4. Averages often need standard deviations to be understood. We use averages all the time by themselves, and they can be useful and necessary. But frequently, we need to combine them with measures of spread to really understand them. An average (arithmetic mean) is a measure of central location. That means we’re using a distribution and trying to represent it as a single data point. That can be potentially very misleading. Suppose you own a restaurant and you want to do a customer satisfaction survey. You use a scale from 0-10. What if the average is 5? What should you do? Well, it depends. If everybody is grading your restaurant around a 5, you know you’ve got a consistently mediocre establishment, and you’ll want to improve in a certain way. But if the votes are all clustered around the extremes of the spectrum, with lots of 0s and 10s, you’ll also get an average near 5. But how you interpret that result would be completely different. You might have a great night waitstaff but a terrible day staff, or you might be getting bad produce and meat on a certain day of the week. The average can’t help you by itself.
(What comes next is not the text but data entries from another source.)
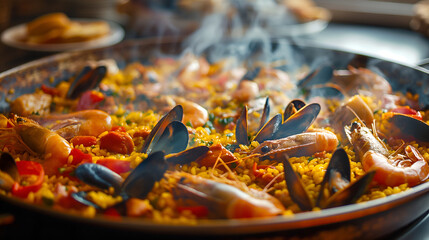Spanish Treasure: Paella's Feast - Seafood & Saffron Symphony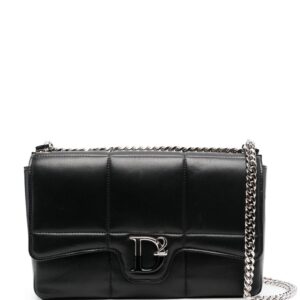 DSQUARED2 logo-plaque quilted shoulder bag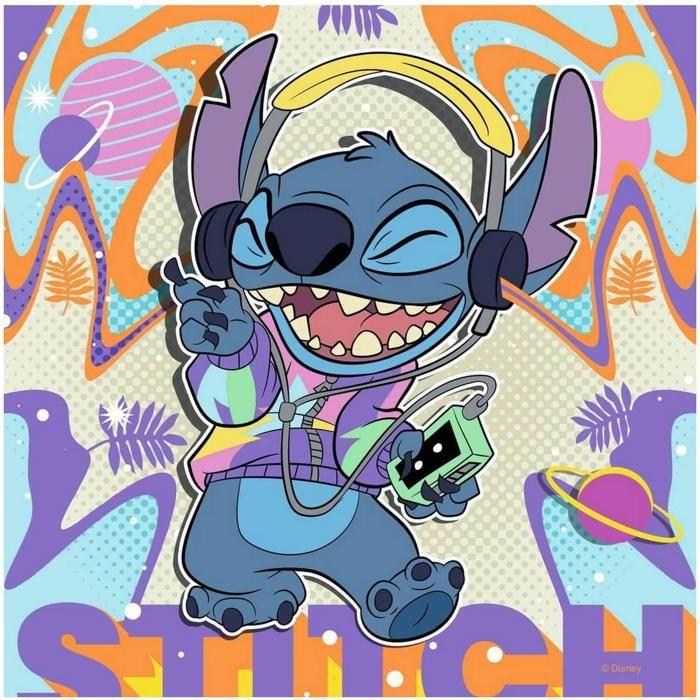 Puzzles 3x49 pièces : Disney Stitch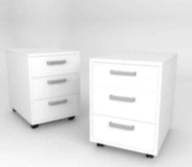 Swinging pedestal TPO, labelled "MS FURNITURE"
The standard deviation, a measure of spread, can help make the average more meaningful. The standard deviation is a measurement of the variance that’s calculated in such a way so that deviations on either side of the average don’t cancel each other out — so that a high and low difference from the average don’t combine to show up as zero difference — and so that it can be easily compared to the mean. So in the above example, the first situation might have a standard deviation of 1. You would know, in other words, that about 68% of the survey respondents rated the restaurant between 4-6. On the other hand, the second situation’s standard deviation would be closer to 5, telling you that the average couldn’t really be trusted.
5. The proportional relationship between a sample and its population is irrelevant to standard error. This one is a mind-bender, but it’s true. Given a reasonable definition of a sample, and given that the sample is really random, a sample size of 100 is of the same accuracy no matter if the population is 100,000 or 100,000,000. The calculations of standard error are exactly the same. A 100 person sample is just as accurate a predictor of the total population of Fargo, the total population of North Dakota, the total population of the United States, and the total population of the world. (Again, provided that sample is a truly random sample from each of those populations.)
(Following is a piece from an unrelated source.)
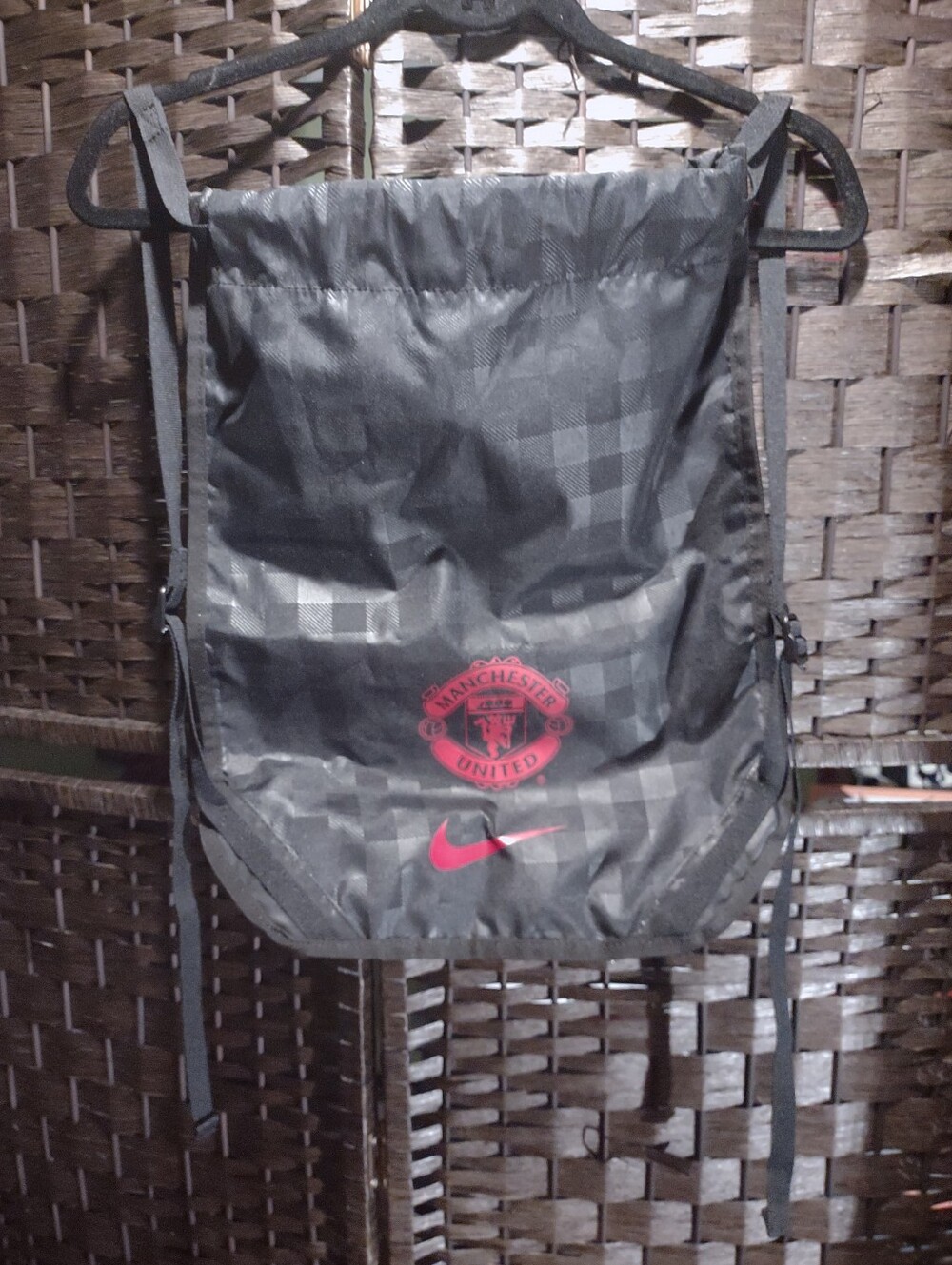 Nike Manchester United Black Drawstring Gym Bag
That’s not true if your sample is a significant percentage of the total population, but then that’s not a real sample, and in most cases, you could never get a sample that’s a significant percentage of the population of interest anyway.
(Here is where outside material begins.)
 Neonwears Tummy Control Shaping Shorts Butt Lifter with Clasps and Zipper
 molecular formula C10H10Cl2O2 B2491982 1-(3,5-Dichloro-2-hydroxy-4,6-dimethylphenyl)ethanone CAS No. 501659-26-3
6. The value of adding more observations to your sample diminishes exponentially. In the formula for calculating a standard error (which is what gets you those polling margins of error you see every election season), the n is placed under a square root sign, which means that the power of adding more observations to reduce error decreases exponentially. For this reason, your first 100 observations give you about as much positive effect on your margins of error as the next 900. This is part of the reason you rarely see giant sample sizes in human subject research; the value to your accuracy is just too low compared to work and cost.